══ Available data

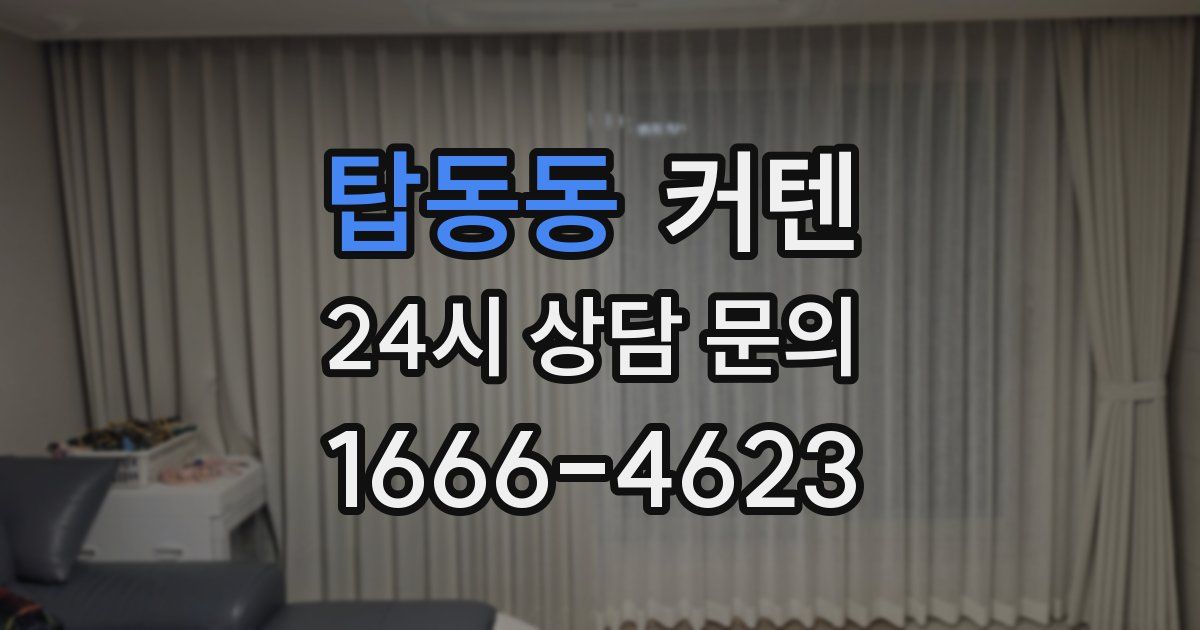 탑동동 커텐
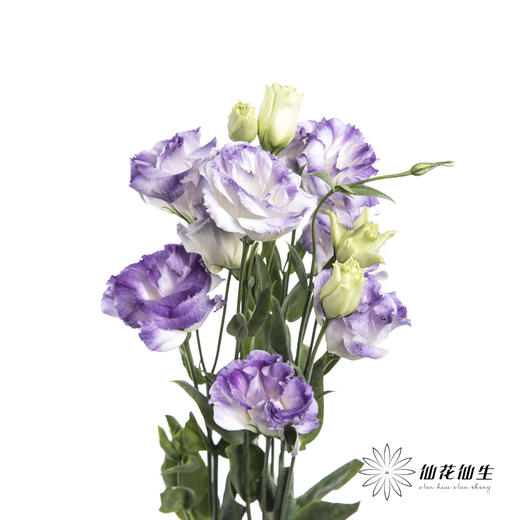 洋桔梗 | 烟灰色 商品图3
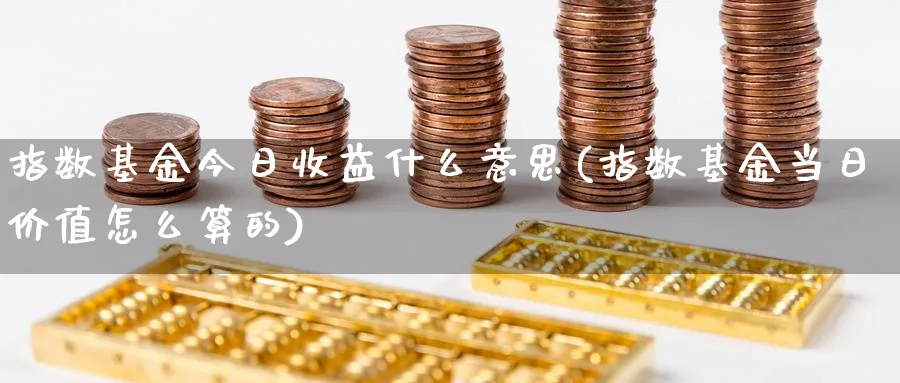 指数基金今日收益什么意思(指数基金当日价值怎么算的)_https://www.yunsqy.com_期货理财_第1张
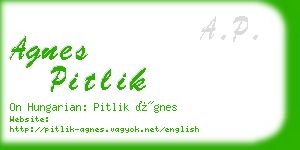 agnes pitlik business card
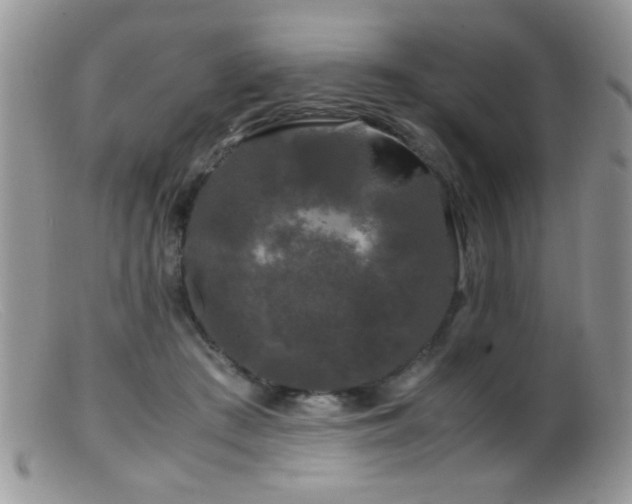 X0000099490409200805151412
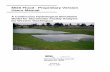 MGS Flood Manual, Proprietary Version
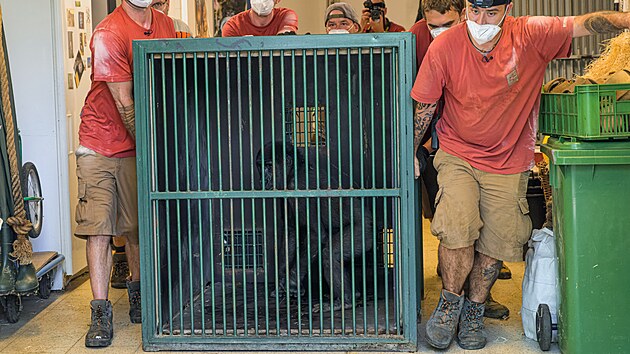 Se skupinou samic se pesthoval do novho pavilonu i estilet samec Ajabu, potomek samice Shindy a samce Richarda.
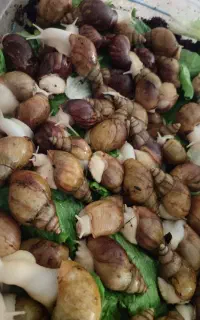 حلزون وخاویار حلزون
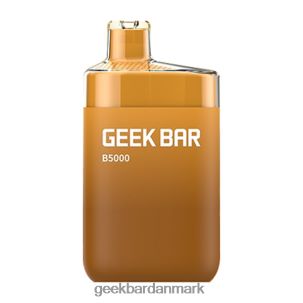 Geek Bar b5000 engangs RXT24R31 citron iste - Geek Bar Price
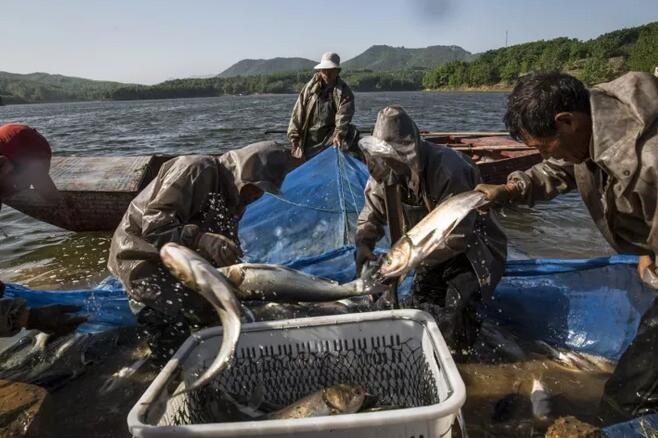 /upload/article/2017/10/17/6a61caad-0bd0-4fc4-9b5a-55ee3a3e21af.jpg /upload/article/2017/10/17/6a61caad-0bd0-4fc4-9b5a-55ee3a3e21af.jpg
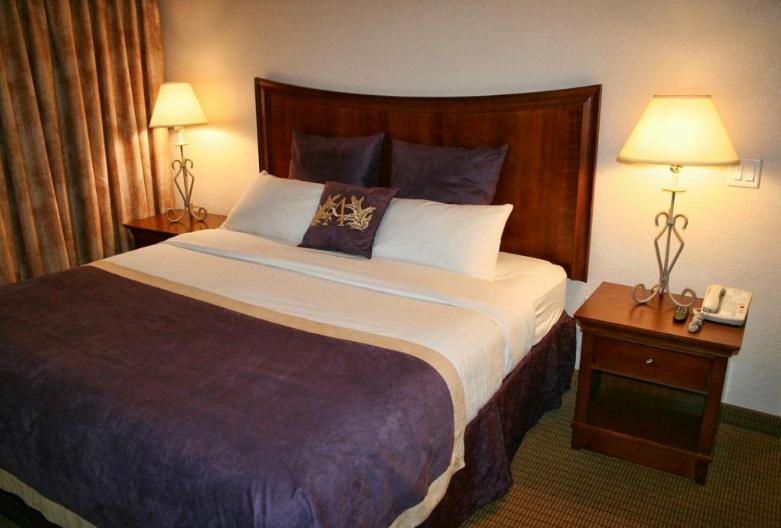 מיטת קינג בסוויטה, Best Western Lubbock West Inn & Suites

════

:: Task instructions ::
Please restate, word for word, the lines from the one with "指数基金今日收益什么意思(指" through the final line of the material, both included, and omit the pictures.

:: Exercise result ::
 指数基金今日收益什么意思(指数基金当日价值怎么算的)_https://www.yunsqy.com_期货理财_第1张
 agnes pitlik business card
 X0000099490409200805151412
 MGS Flood Manual, Proprietary Version
 Se skupinou samic se pesthoval do novho pavilonu i estilet samec Ajabu, potomek samice Shindy a samce Richarda.
 حلزون وخاویار حلزون
 Geek Bar b5000 engangs RXT24R31 citron iste - Geek Bar Price
 /upload/article/2017/10/17/6a61caad-0bd0-4fc4-9b5a-55ee3a3e21af.jpg /upload/article/2017/10/17/6a61caad-0bd0-4fc4-9b5a-55ee3a3e21af.jpg
 מיטת קינג בסוויטה, Best Western Lubbock West Inn & Suites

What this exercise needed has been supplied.